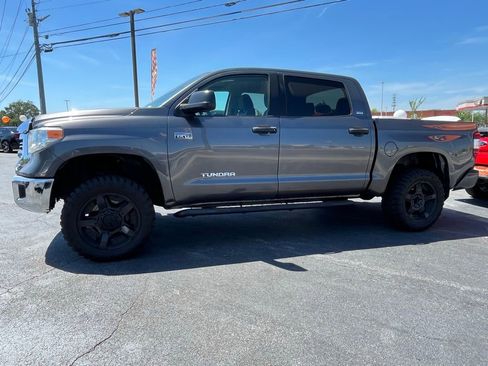 Used 2017 Toyota Tundra SR5 w/ SR5 Upgrade Package AWD/4WD image 5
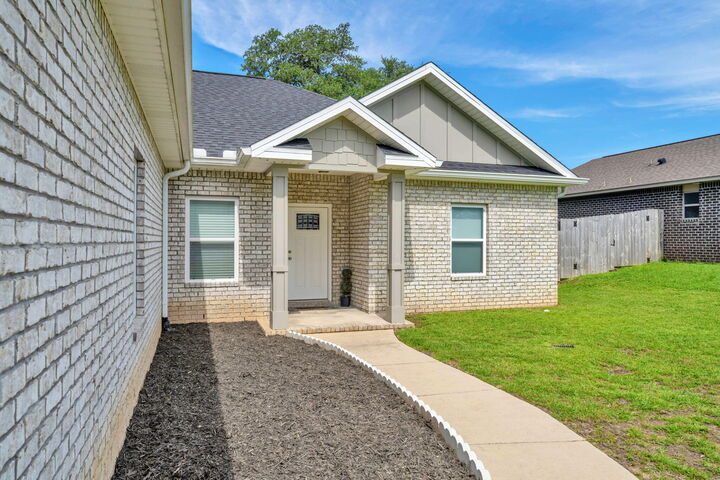 Property Photo:  4425 Mirada Way  FL 32539 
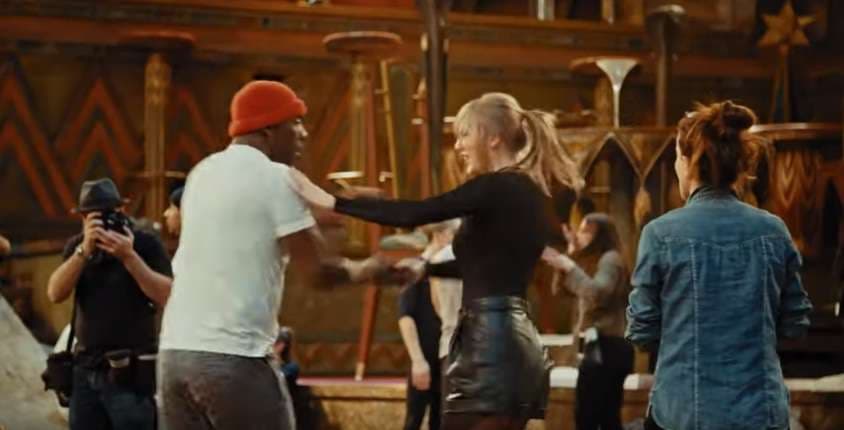 Taylor dhe Idris ushtrojnë vallëzimin së bashku (VIDEO)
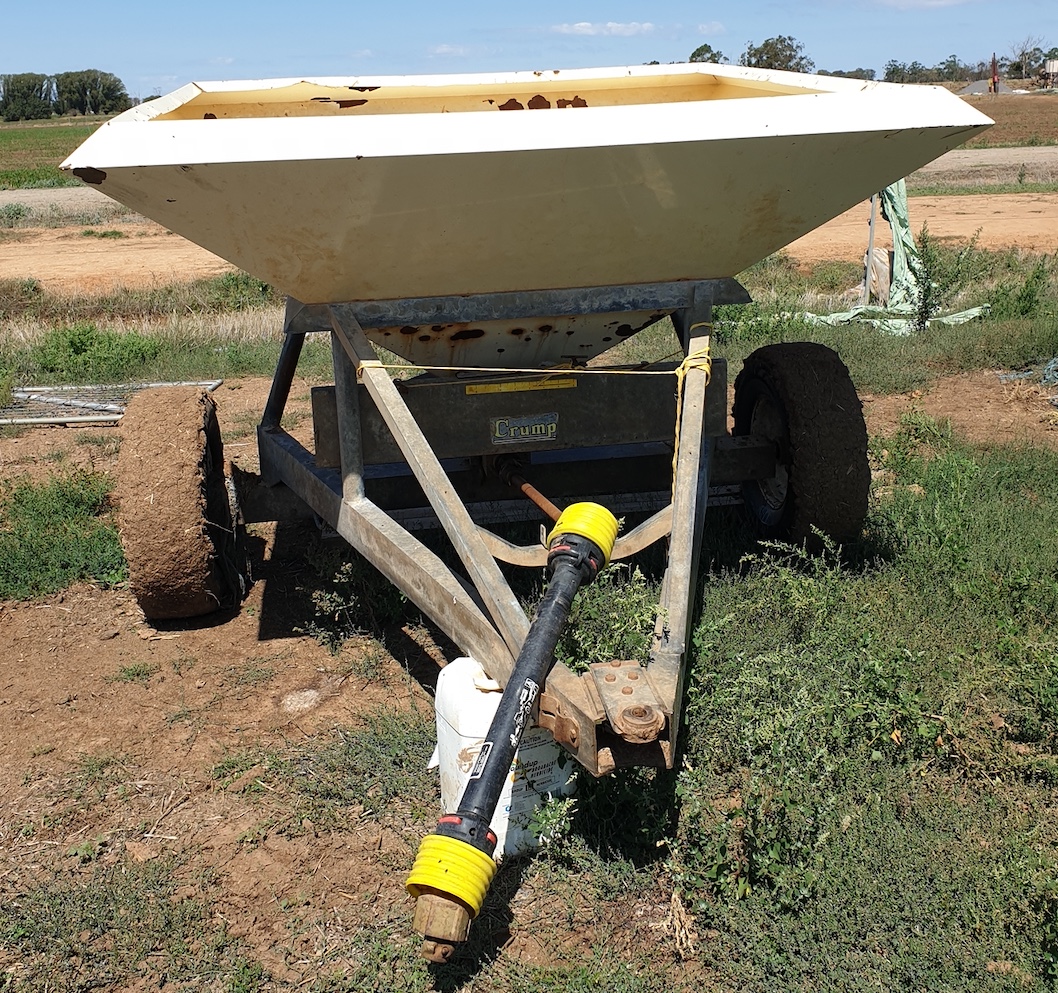 Crump Kurrajong 2000 Trailing Spreader Machinery & Equipment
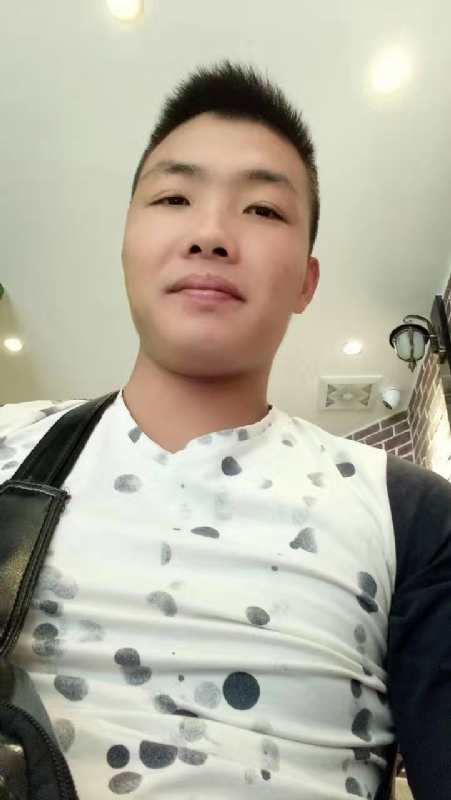 吃生蚝的小乖乖的第一张照片--长沙相亲服务中心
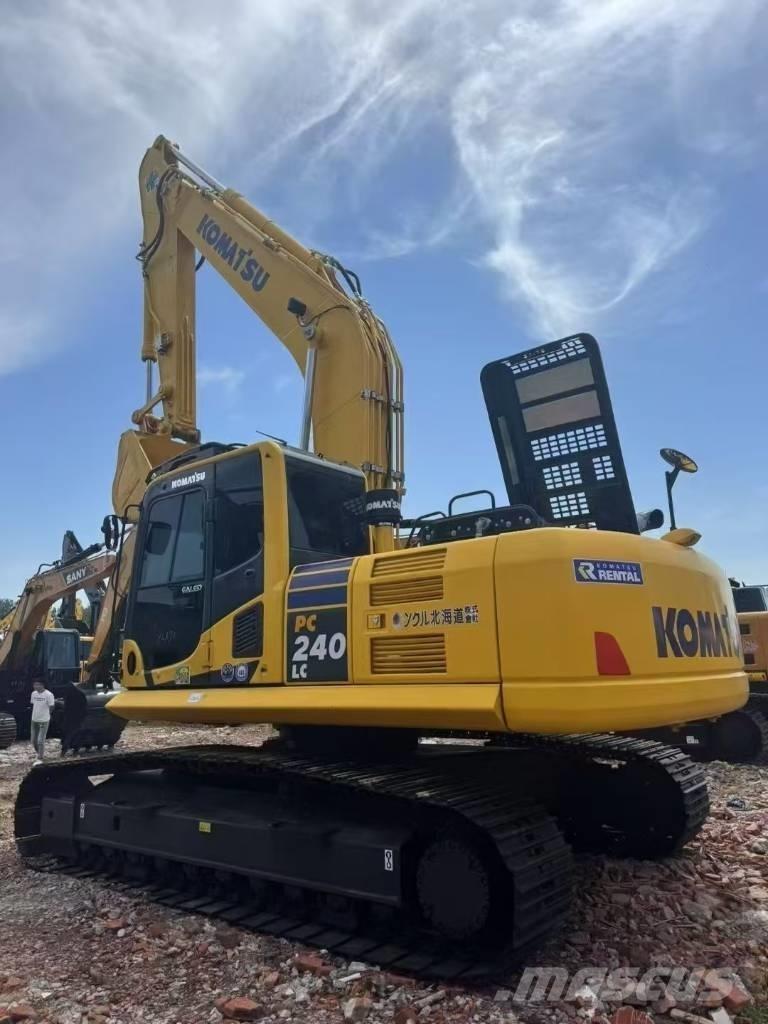 Komatsu 240LC-8 Εκσκαφείς με ερπύστριες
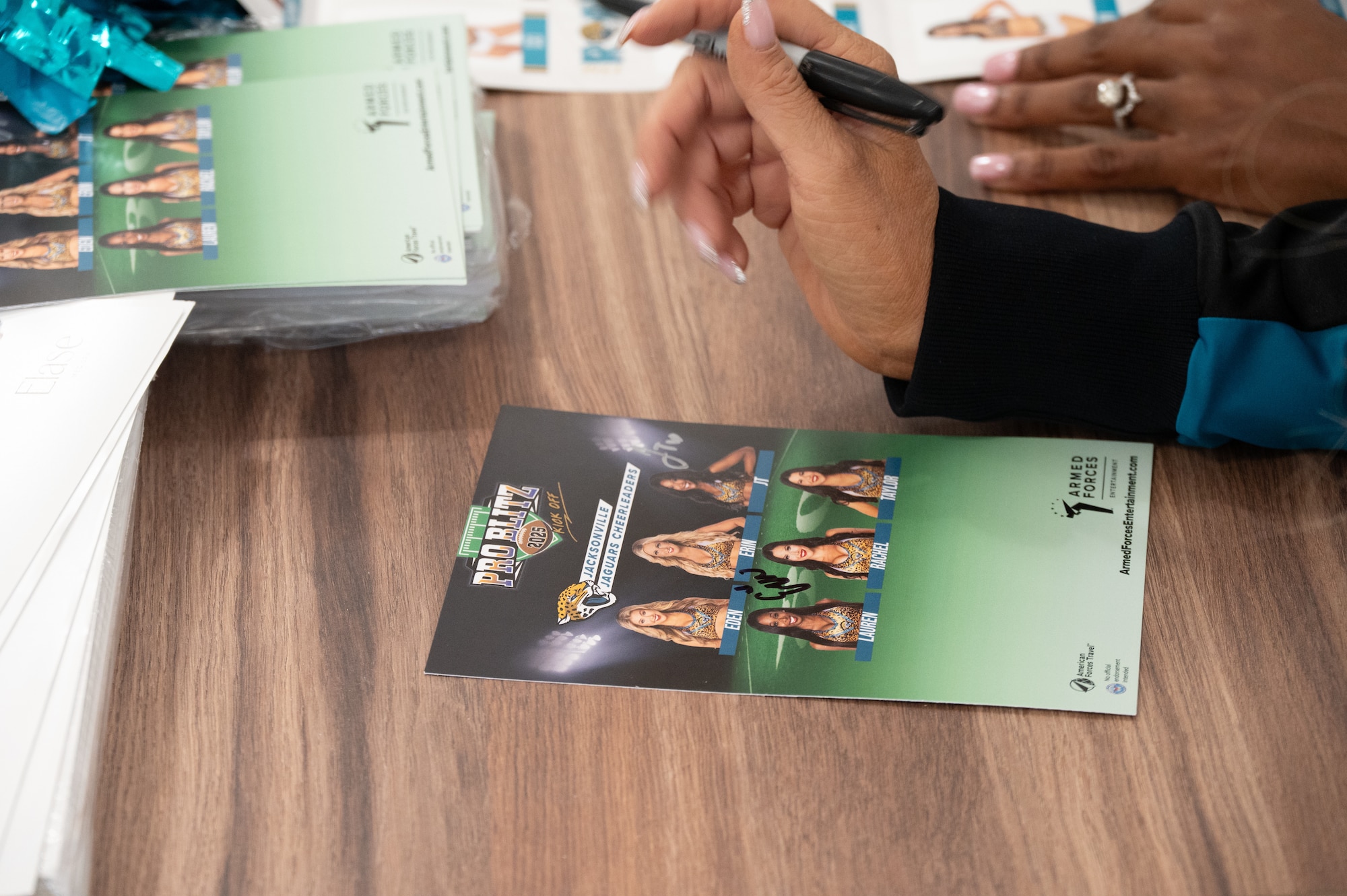 Jacksonville Jaguars Roar Cheerleader Squad signs memorabilia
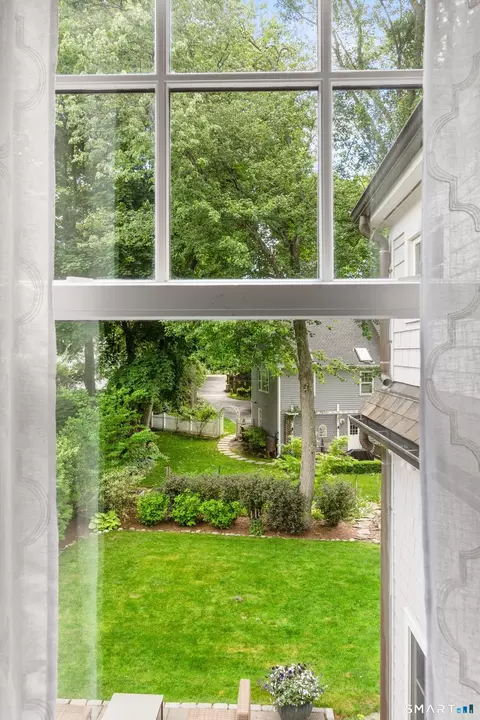 Exterior - 1644 Boston Post Rd, Darien, CT 06820 photo 4 of 5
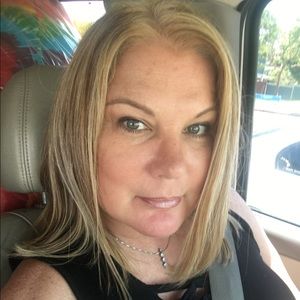 Meet your Posher, Jeanette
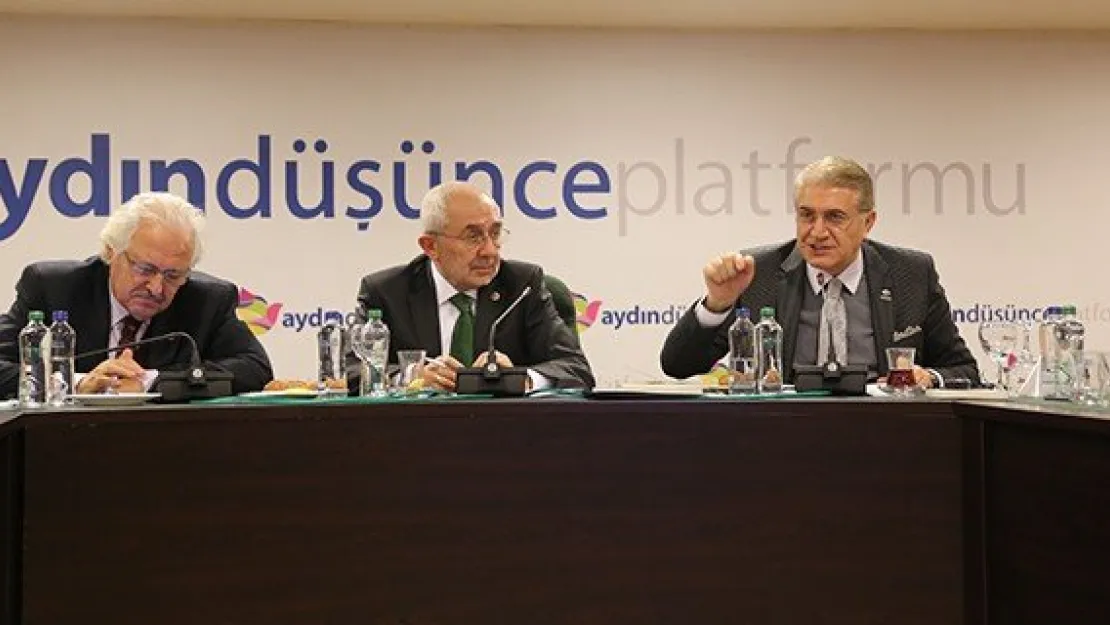 &quotYetersiz Olan Türkçe Değil Biziz!"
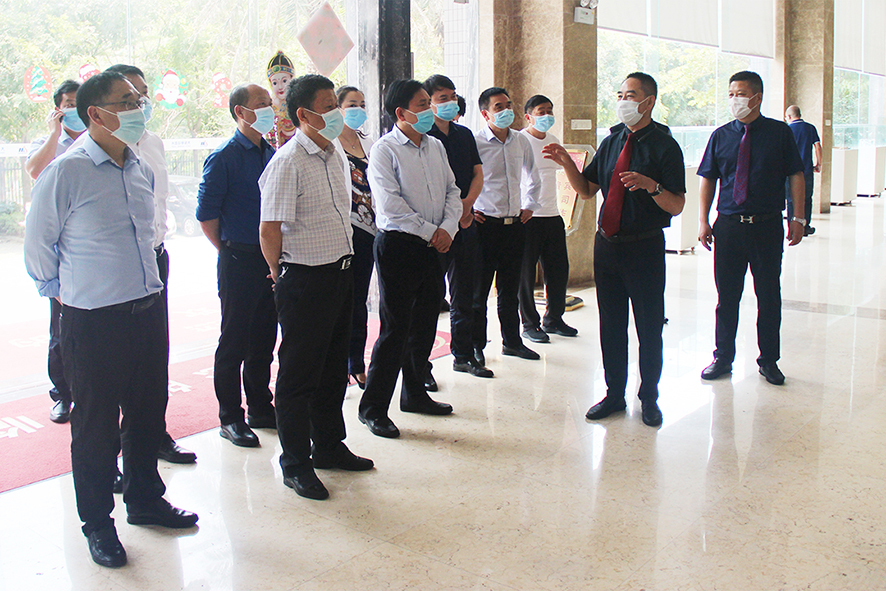貴州省銅仁市人大常委會(huì)主任陳達(dá)新同志及松桃縣委副書記、縣長(zhǎng)龍群躍同志等黨政考察團(tuán)領(lǐng)導(dǎo)一行蒞臨大族粵銘激光集團(tuán)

☆ ☆ ☆ ☆

- _The task_
All lines from the beginning of the material through the line that holds "Komatsu 240LC-8 Εκσκαφείς με ερπύστριες", both included, should be returned exactly; please omit any pictures and add no other lines.

- _Response to this exercise_
 Used 2017 Toyota Tundra SR5 w/ SR5 Upgrade Package AWD/4WD image 5
 Property Photo:  4425 Mirada Way  FL 32539 
 Taylor dhe Idris ushtrojnë vallëzimin së bashku (VIDEO)
 Crump Kurrajong 2000 Trailing Spreader Machinery & Equipment
 吃生蚝的小乖乖的第一张照片--长沙相亲服务中心
 Komatsu 240LC-8 Εκσκαφείς με ερπύστριες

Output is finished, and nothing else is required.